Repas étoilé à la prison de Brest.
« Ça leur donnera peut-être envie d’être chef, plus tard »
« Il est 11 h 45. Les invités arrivent dans un quart d’heure. On est pas mal ! » lance le chef Yvon Morvan à sa brigade. Cuisine neuve. Ambiance concentrée. On se croirait dans n’importe quel restaurant. Pourtant nous sommes bien à la prison de Brest. Ils sont huit détenus en formation cuisine : sept femmes et un homme (il y en avait deux autres à l’origine, mais ils ont été libérés et ont dû arrêter !).

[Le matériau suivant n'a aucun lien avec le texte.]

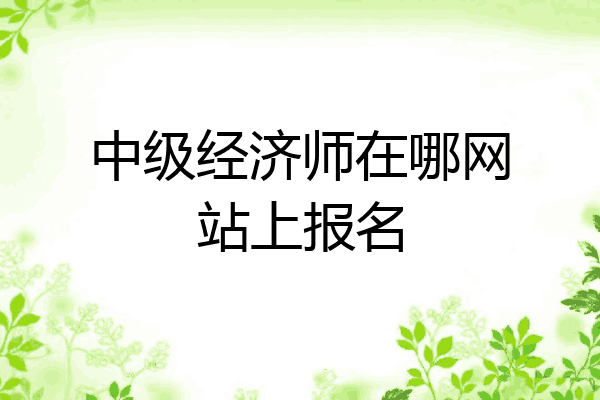 中级经济师在哪网站上报名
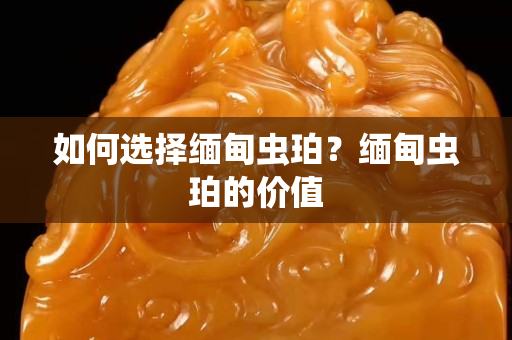 如何選擇緬甸蟲珀？緬甸蟲珀的價值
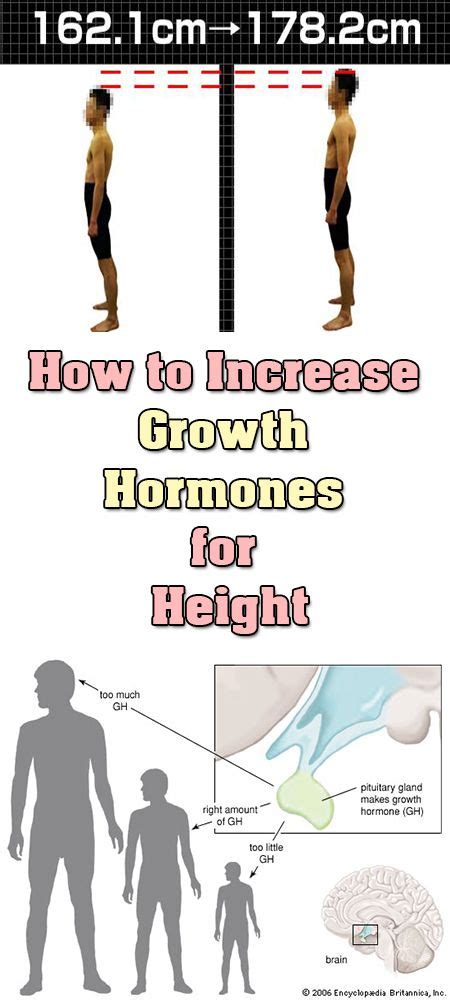How to increase appetite naturally: Grow 3 Inches Taller | Increase height exercise, How to ...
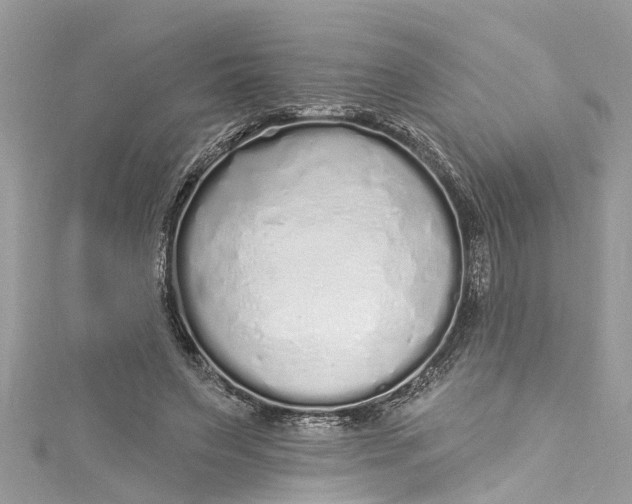 X0000115160495200911171304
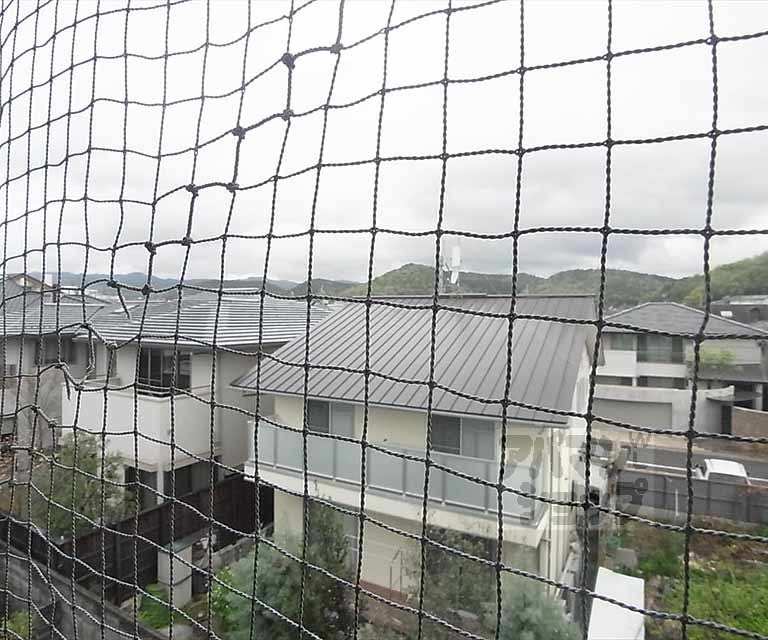 眺望　室外風景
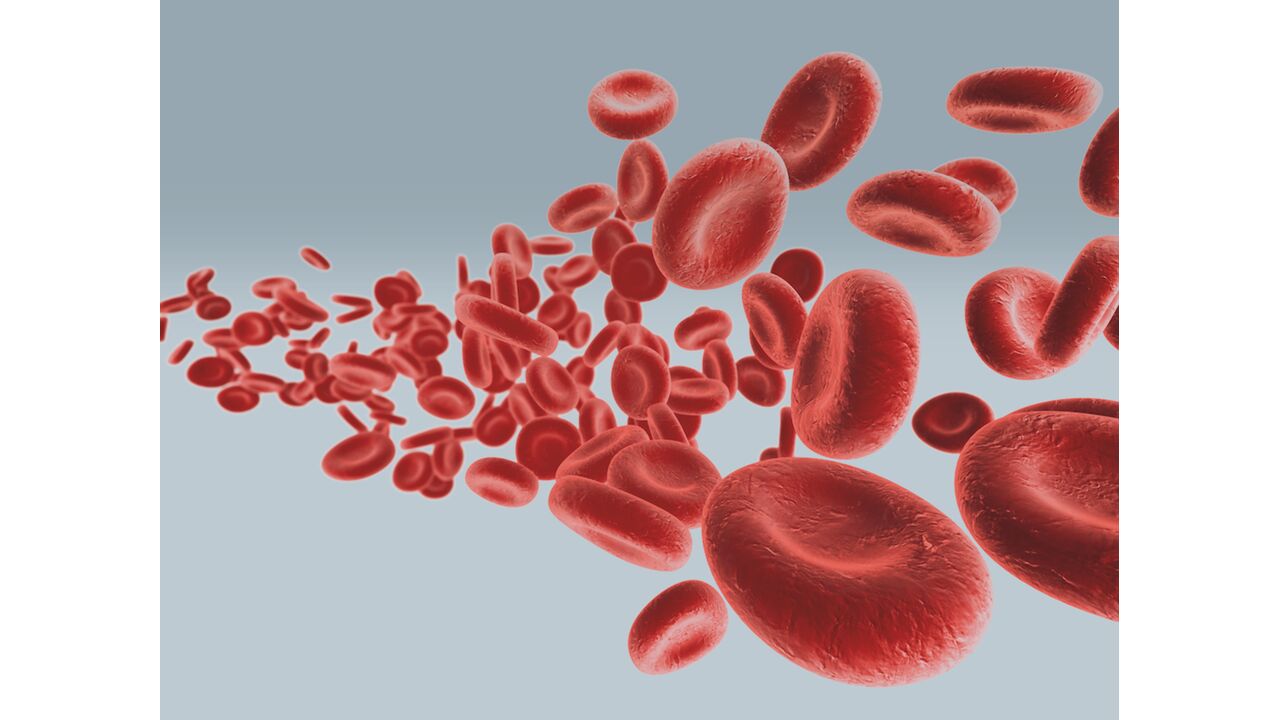 Illustratie voor: Happy 2021: dit is waarom bloeddonor worden van levensbelang is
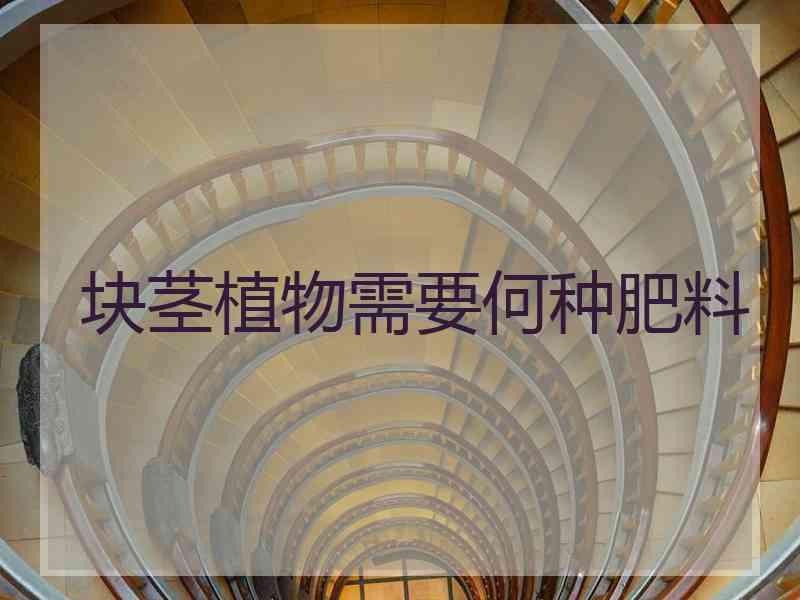 块茎植物需要何种肥料
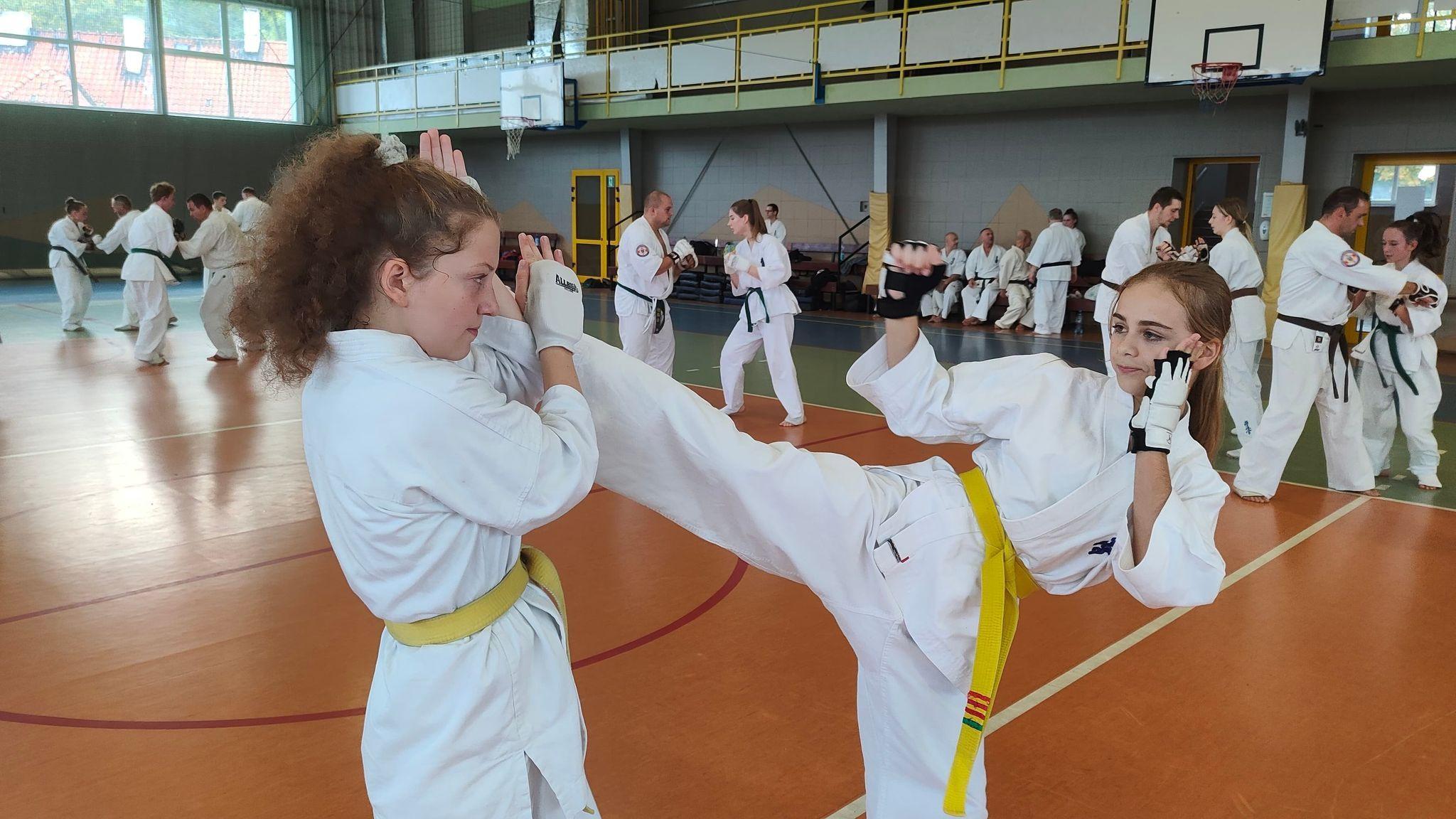 Seminarium szkoleniowe Karate Kyokushin w Lipnie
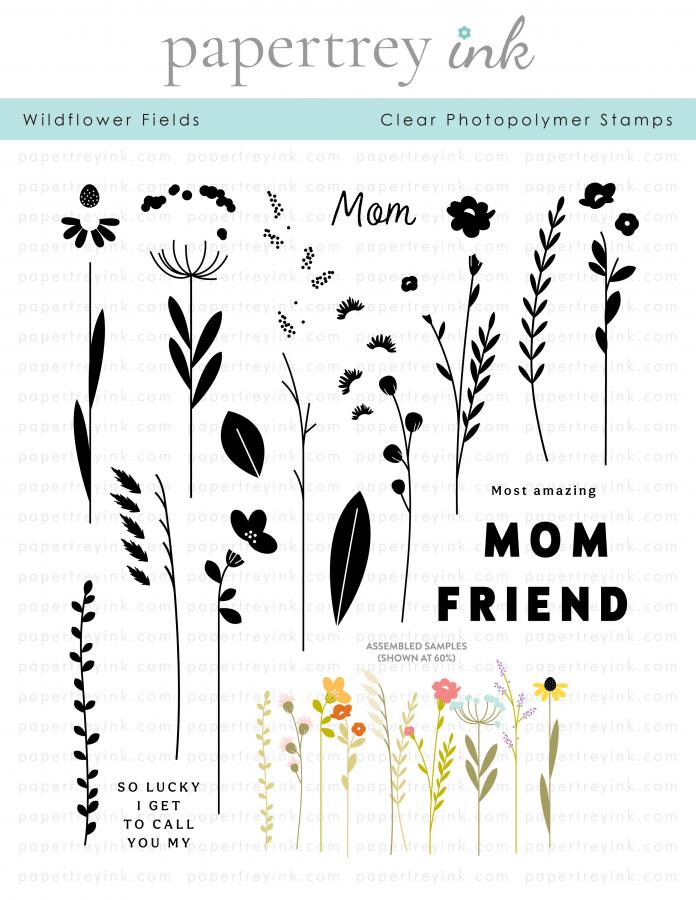 Wildflower Fields Stamp Set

Les stagiaires terminent des sablés aux fraises de Plougastel. Un dessert qui, telle une cerise, viendra clore un menu d’exception : ormeaux de Molène en amuse-bouche, ravioles de langoustines en entrée, et feuilleté de pigeon farci au foie gras en plat de résistance.
Ce jeudi 16 mai, on fête l’anniversaire de cette formation cuisine originale, avec Yvon Morvan en invité-star, chef étoilé de 2007 à 2016 à l’Armen, à Brest. Au restaurant d’application, les heureux convives sont des élus locaux et régionaux, le sous-préfet, des magistrats.
Pour emprunter un couteau, il faut demander au chef et passer par un système de jetons. Mais l’ambiance est sereine.
« Faire de la cuisine raffinée, c’est valorisant ! Ça leur donnera peut-être envie d’être chef, plus tard », poursuit Alain Crivelli. « Mon souhait, c’est de leur apporter quelque chose », explique Yvon Morvan, qui s’est installé au Vioben, à Landéda. Avec bonheur, il distille ses « trucs », comme ces artichauts cuits à l’huile d’olive, dans la poêle, plutôt qu’au court-bouillon traditionnel.
Le chef apprend aux stagiaires à hâcher finement du persil. | OUEST-FRANCE
Une détenue apprécie : « C’est la première fois que je vois un chef étoilé. Il explique bien. Il est très sympa. » Une autre ajoute : « J’oublie que je suis en prison. Je m’ennuie moins. Le matin quand je me lève, j’ai un but ! »
Gabriel, 27 ans, a déjà une expérience en salle et aux fourneaux : « J’apprends la cuisson des viandes. Et je découvre des produits aussi, comme le pigeon. »
Selon Catherine Pech, la formation fait « baisser l’agressivité » dans cette prison qui accueille 403 détenus pour 254 places, soit un taux d’occupation moyen de 153 %. Une surpopulation qui touche les hommes avec un taux de 175 % contre 110 % chez les femmes (qui sont 23 pour 20 places).
Et après leur libération ? Un ancien stagiaire est en passe d’obtenir un contrat de qualification chez un restaurateur, et deux autres commencent une formation de CAP au CLPS.